◆ YOUR ASSIGNMENT ◆
Exactly as they appear, print the line with "毛主席逝世1年后，谢静宜被开除党籍后直言：我永远是党的女儿！" and each line after it through the end of the entries below; leave out pictures.

◆ PROVIDED DATA ◆

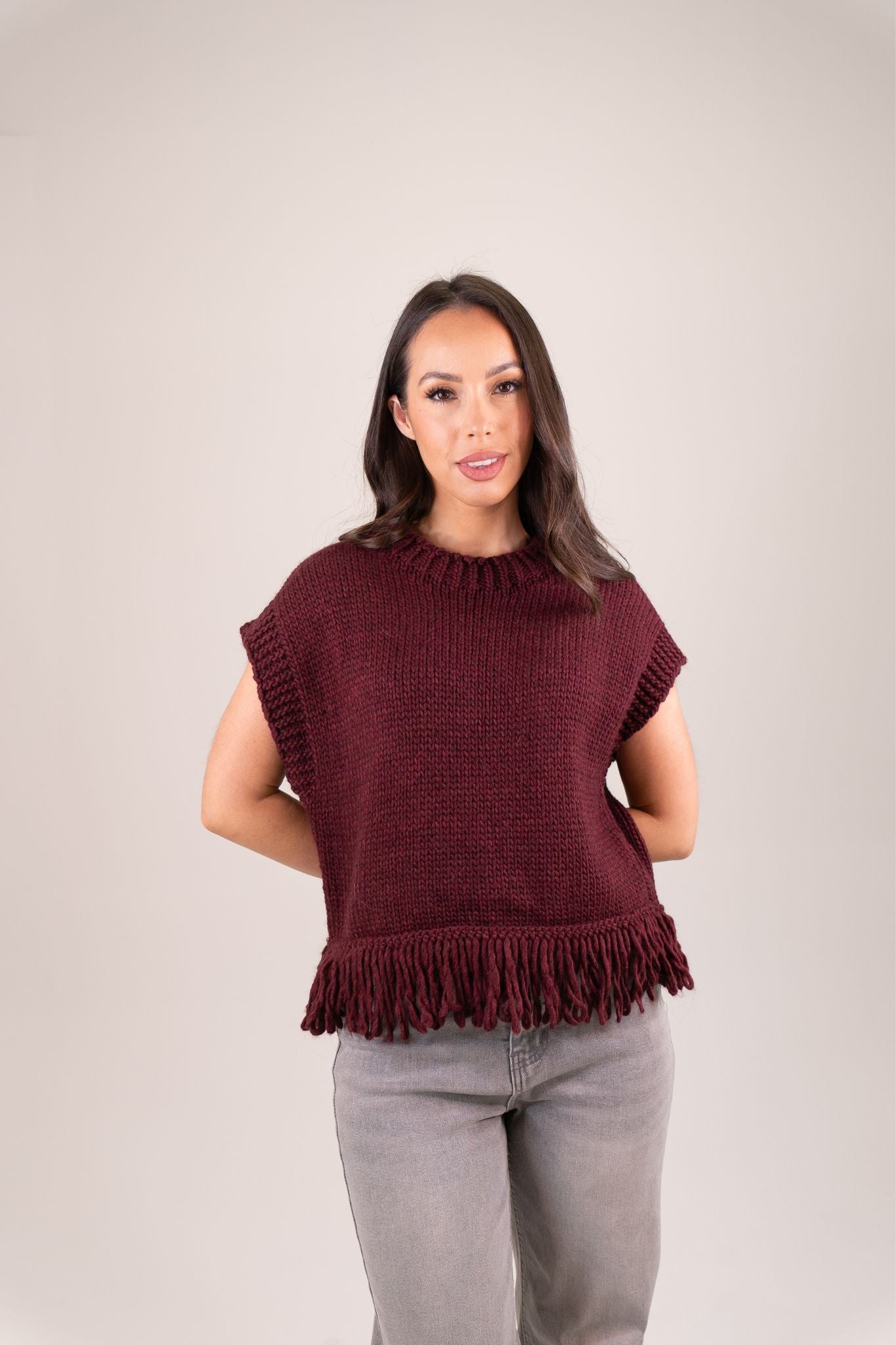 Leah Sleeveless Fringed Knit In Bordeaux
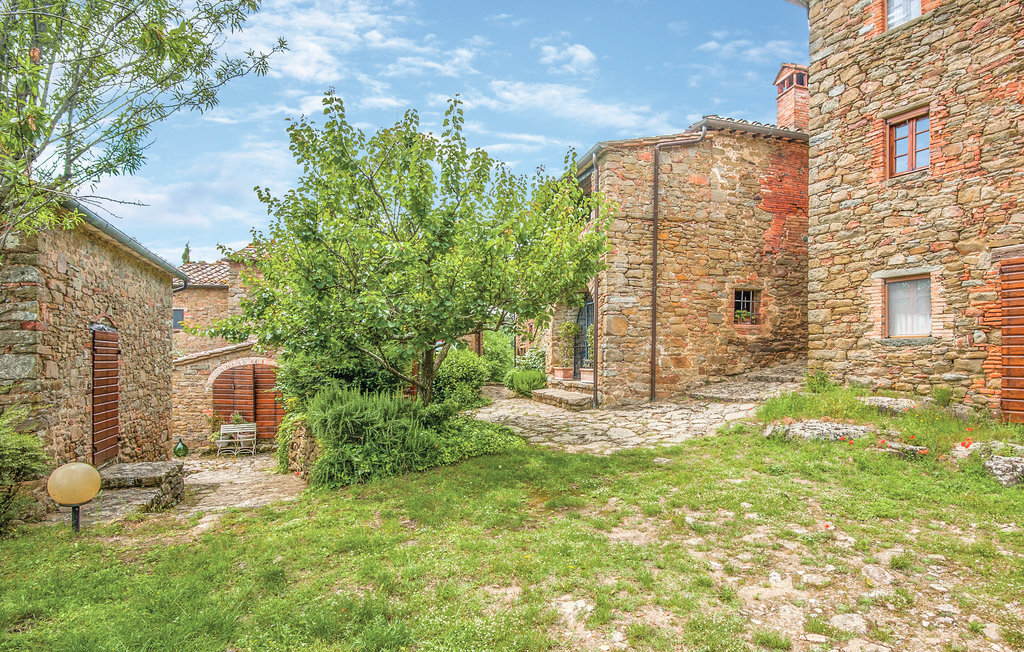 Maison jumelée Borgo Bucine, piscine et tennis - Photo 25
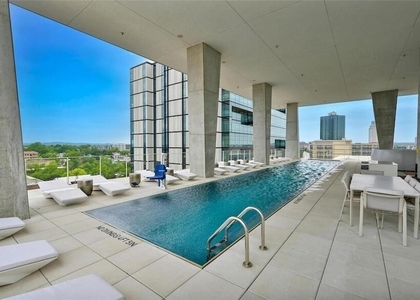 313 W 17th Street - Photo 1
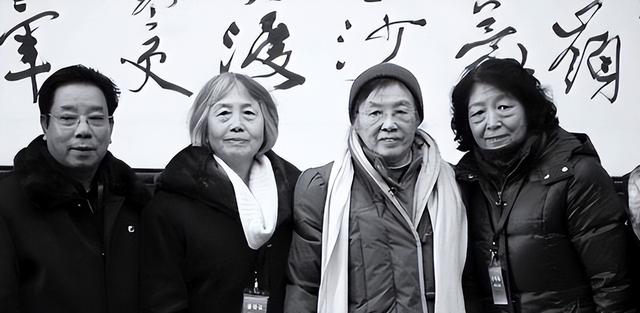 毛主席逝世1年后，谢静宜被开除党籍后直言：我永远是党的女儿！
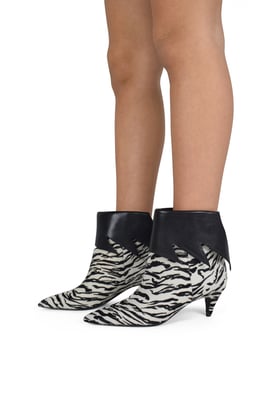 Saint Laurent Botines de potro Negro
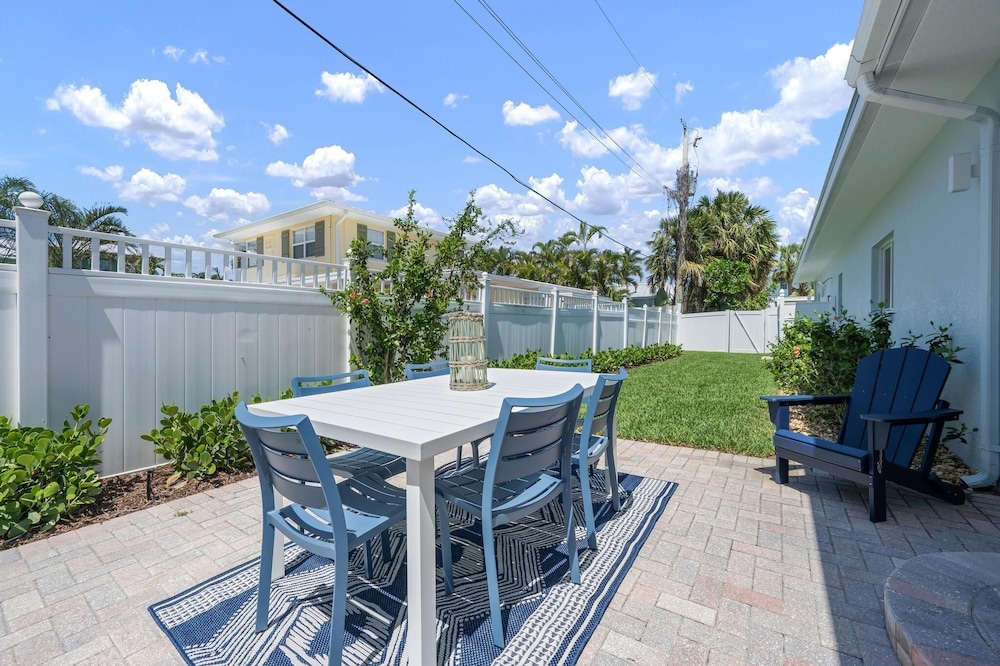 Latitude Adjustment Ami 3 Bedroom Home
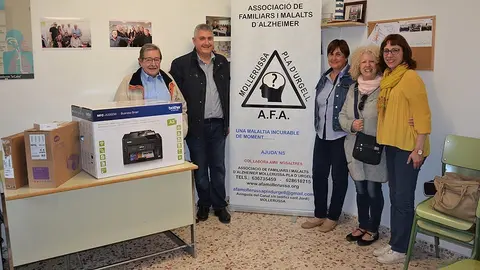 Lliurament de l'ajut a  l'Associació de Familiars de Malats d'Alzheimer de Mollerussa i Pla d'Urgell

◆ EXERCISE RESULT ◆
 毛主席逝世1年后，谢静宜被开除党籍后直言：我永远是党的女儿！
 Saint Laurent Botines de potro Negro
 Latitude Adjustment Ami 3 Bedroom Home
 Lliurament de l'ajut a  l'Associació de Familiars de Malats d'Alzheimer de Mollerussa i Pla d'Urgell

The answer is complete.